A new skyscraper is soaring in their place, now mere months from completion. One World Trade Center will be taller than the twin towers, but Petit -- an early advocate of rebuilding them exactly as they were -- isn't swayed. "Nothing could replace the towers that we have lost," he said on the phone from Ashokan, the town in upstate New York where he lives with his partner, and manager, Kathy O'Donnell. He wanted them, in fact, to be even grander copies of the ones that were destroyed: "I am still unhappy that they have not been rebuilt the same, or even higher, more majestic."
Not that he doesn't like the new building, still rising to its final goal of 1,776 feet. "I love that it is getting higher and higher," he said, explaining that the Port Authority of New York and New Jersey, the tower's owner, has invited him to visit the site. But, he added, "I cannot judge a building in the making." Still, what he thinks -- perhaps because a lone tower does not lend itself to high-wire walking -- is clear: "The shape is majestic and it evokes great strength. But nothing can replace them."
That visit to the new tower will have to wait for a hole in Petit's packed schedule. The man who walked a quarter of a mile above the earth is still very busy with his multiple occupations as writer, actor, juggler, draftsman, builder, and yes, wire walker (he practices three hours a day, either at home or at the cathedral of St. John the Divine in Manhattan, where he has been artist in residence for decades.)
He is currently at work, among other things, on Why Knot?, a book on knots -- he is an expert -- for the New York publisher Abrams; planning a wire walk between the moais of Easter Island; rehearsing a new show, High Wire Variations, with a pianist and an actor reading texts by Petit, who will be walking on the wire indoors using equipment he designed himself; and a graphic novel on the World Trade Center walk. In other words, "my regular life," said the indefatigable Petit, who shot to worldwide fame in 2008 when Man on Wire won the Academy Award for best documentary.

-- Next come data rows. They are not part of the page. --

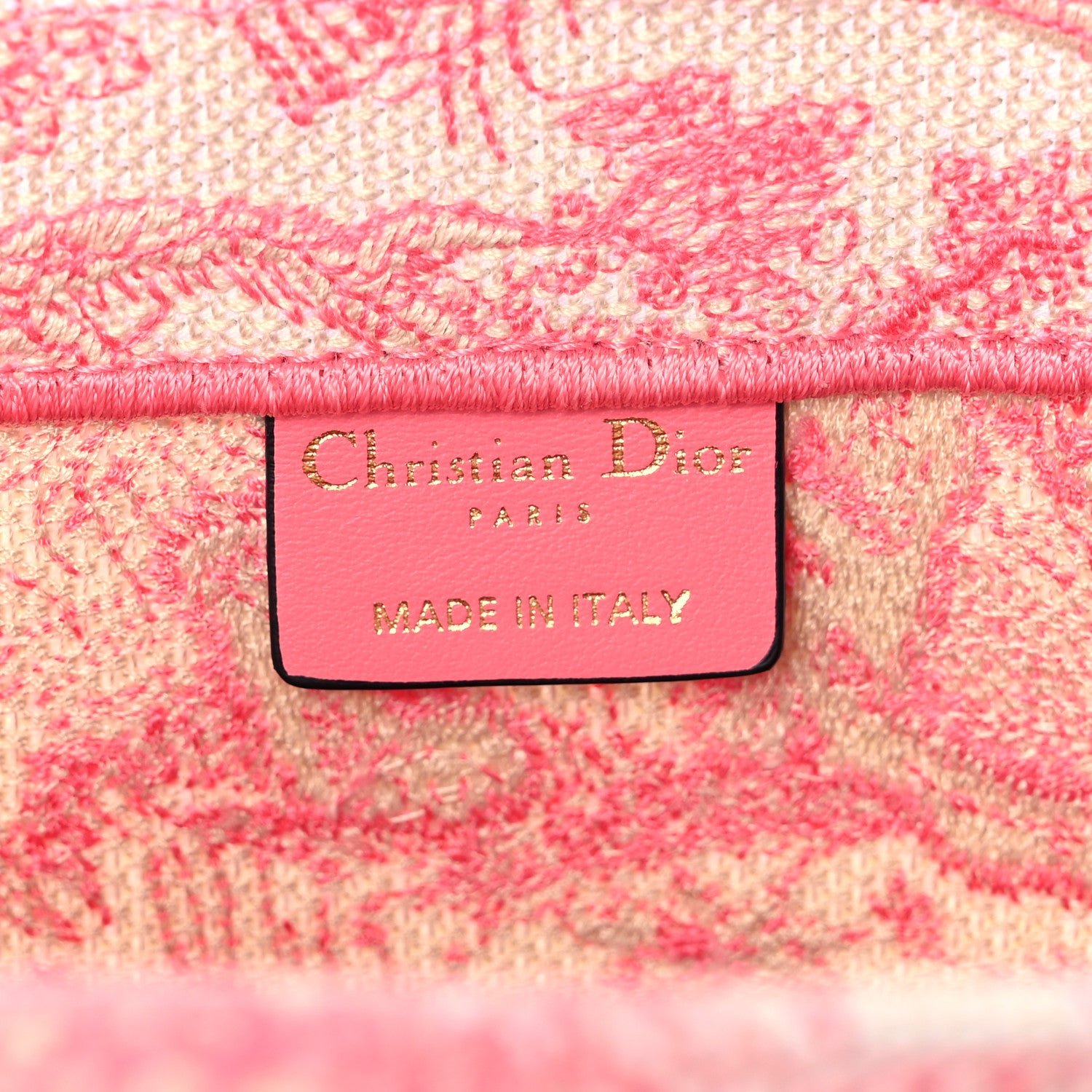 Christian Dior Canvas Embroidered Medium Dioriviera Toile De Jouy Book Tote Peony Pink 6 of 11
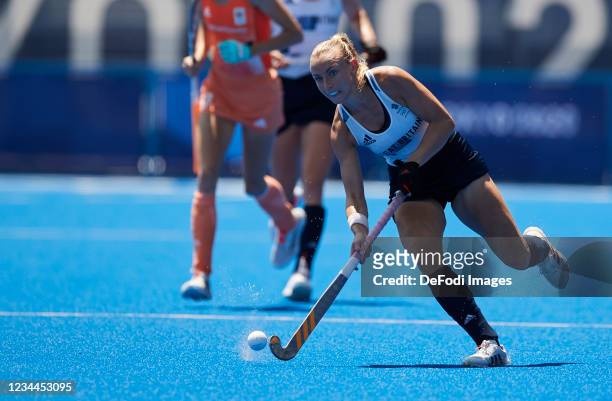Sarah Robertson of Great Britain controls the ball in the Women's Semifinal Hockey match between Netherlands and Great Britain on day twelve of the...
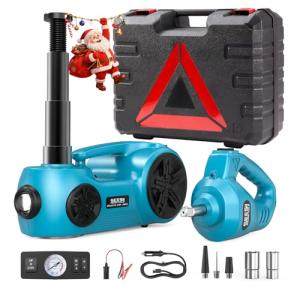 SEESII Electric Car Jack Kit 5 Ton 17.7 Inch Lift Range 3in1 car jack Hydraulic with Impact Wrench and Tire Inflator Floor Jack for SUV/Pickup/Truck/Sedan Roadside Emergency Tire Change Spare Tool Set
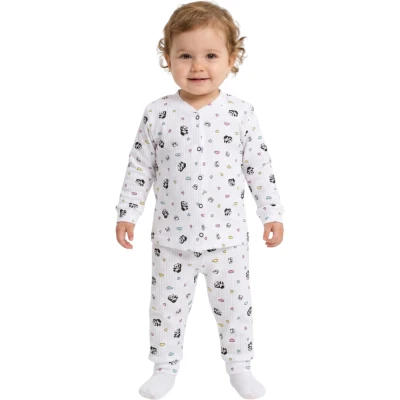 RENKLİ PANDA RAPORLU ÇITÇITLI PİJAMA  6 Ay,12 Ay,18 Ay,2Y Kız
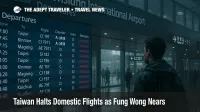 Traveler checks the departures board at Kaohsiung International Airport as Fung Wong cancels domestic flights and triggers county closures
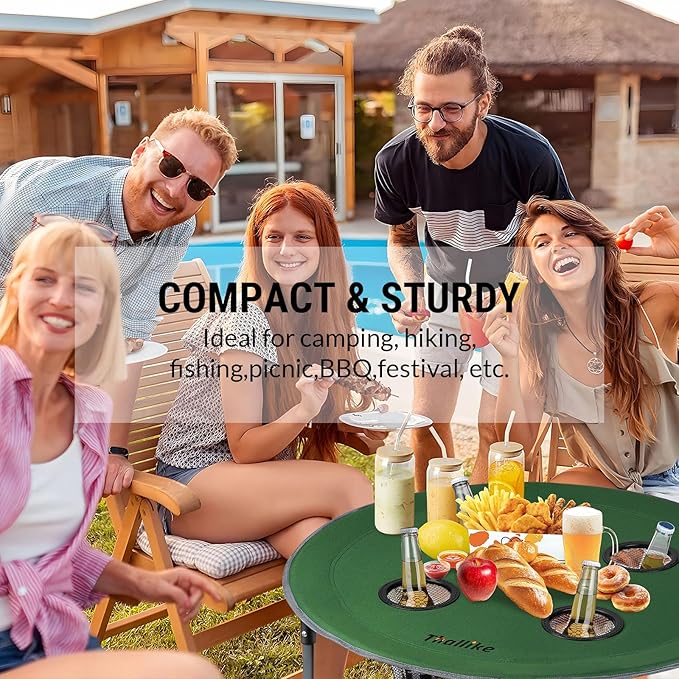 Portable Lightweight Folding Camping Table - Collapsible Foldable Picnic Camp Table with Cooler 4 Enlarged Upgraded Cup Holders and Carry Bag for Tailgating Beach BBQ RV Hiking Party Travel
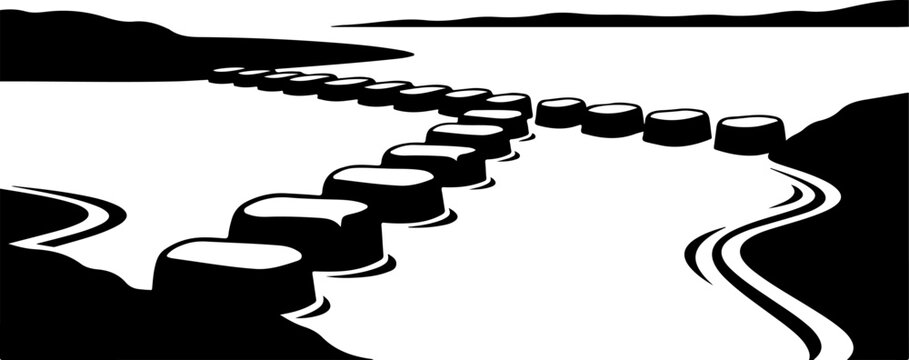 Black and white vector illustration, stone steps pathway, winding stairs, monochrome landscape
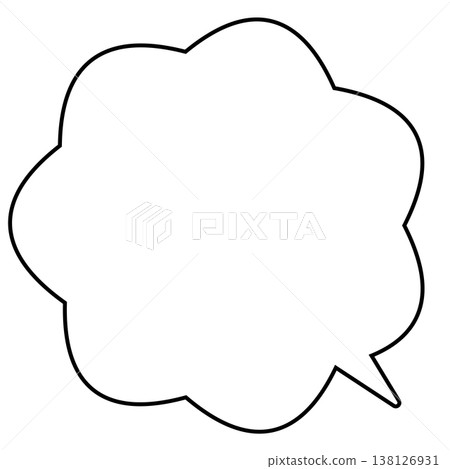 Cloud-shaped speech bubble line drawing Cloud-shaped speech bubble line drawing 138126931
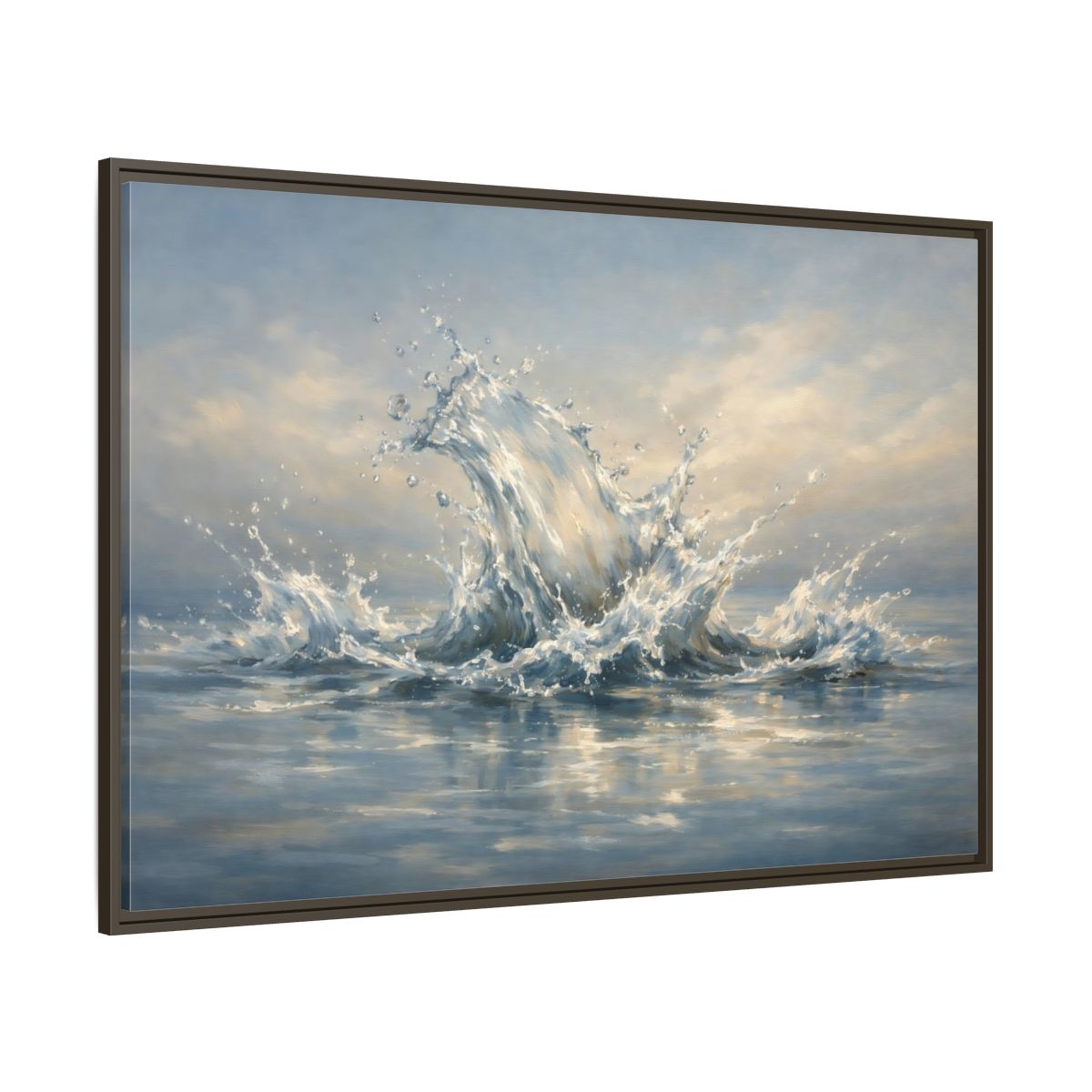 Main Mockup. Nature Water Splash Blue Water Splash shown as stretched canvas wall art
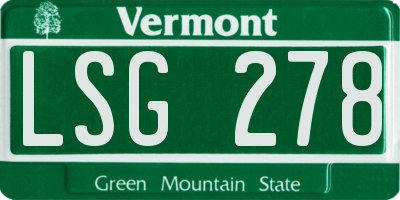 VT license plate LSG278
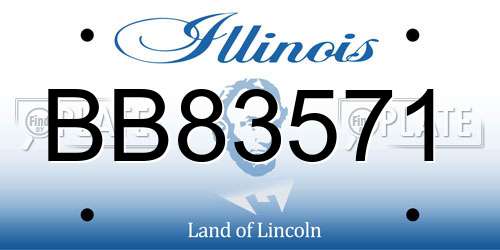 BB83571 Illinois License Plate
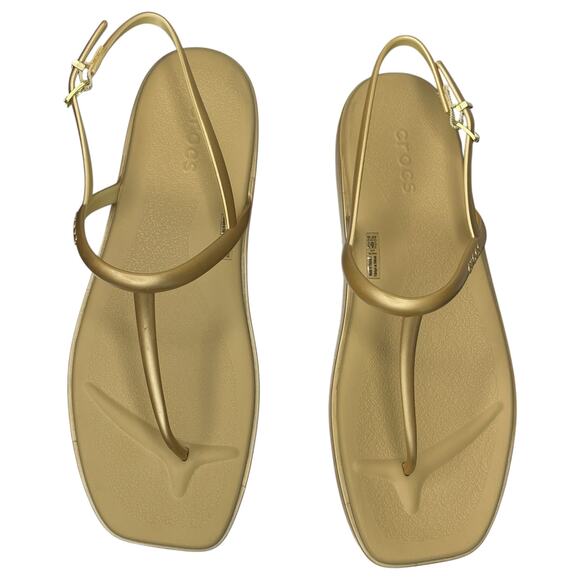 CROCS Shoes - Crocs Sandals Women's Size 10 Miami Thong Metallic Gold Flip Flops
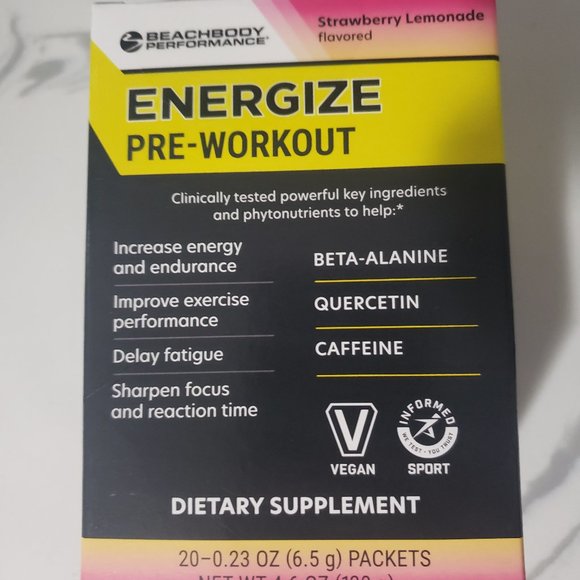 Beachbody Other Energize Pre Workout Beachbody Single Serve Packets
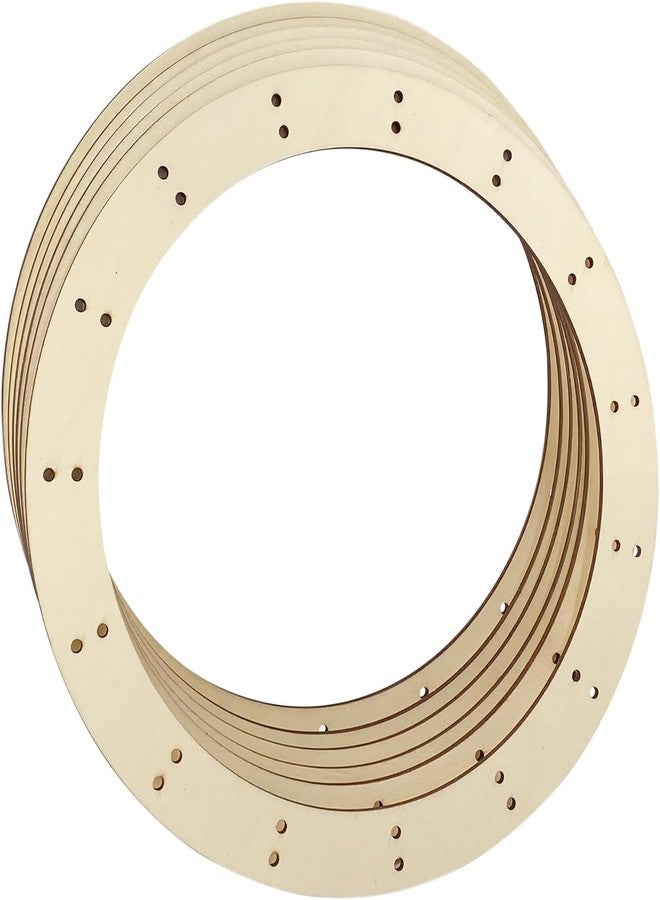 Curious Button Pack of 2 Wooden Wreath Rings | Unfinished Pine MDF Floral Hoop Garland Frame with 30 Holes | DIY Hanging Door Craft for Home Decor | DIY Wreath Making | 14 Inch by Curious Button - Image 5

Normal people, who haven't accomplished a tenth of what Petit has done in his 62 years, might ask him what he does for a living. A full answer "would be much too long and would give the feeling that I am a total amateur. How could someone do all these things and do rhem well?" That's why he sometimes tells people that he is "a pickpocket and a street juggler." He does it for the shock value, he said. In fact, "I have only one profession: craftsman and artist."
For all his accomplishments, Petit -- a man whom his friend Robin Williams once compared to Leonardo da Vinci -- has still one major wire-walking exploit that has eluded him. He's been trying to walk the Grand Canyon, an enormously complex undertaking: "In the past twenty years that story has been beautiful and disastrous. We have had to give up twice," he recalled, as backers (he refuses corporate sponsorship) pulled out. To revive the project "would take lots of money and time. It would be a lot of work, but nothing is impossible."
That feat, if it ever happened, would make even the World Trade Center seem like a trifle. In the meantime, like the city he captivated in 1974, Philippe Petit has moved on to new adventures. But, just like New York, he lives in the enduring shadow of two towers that are no longer there.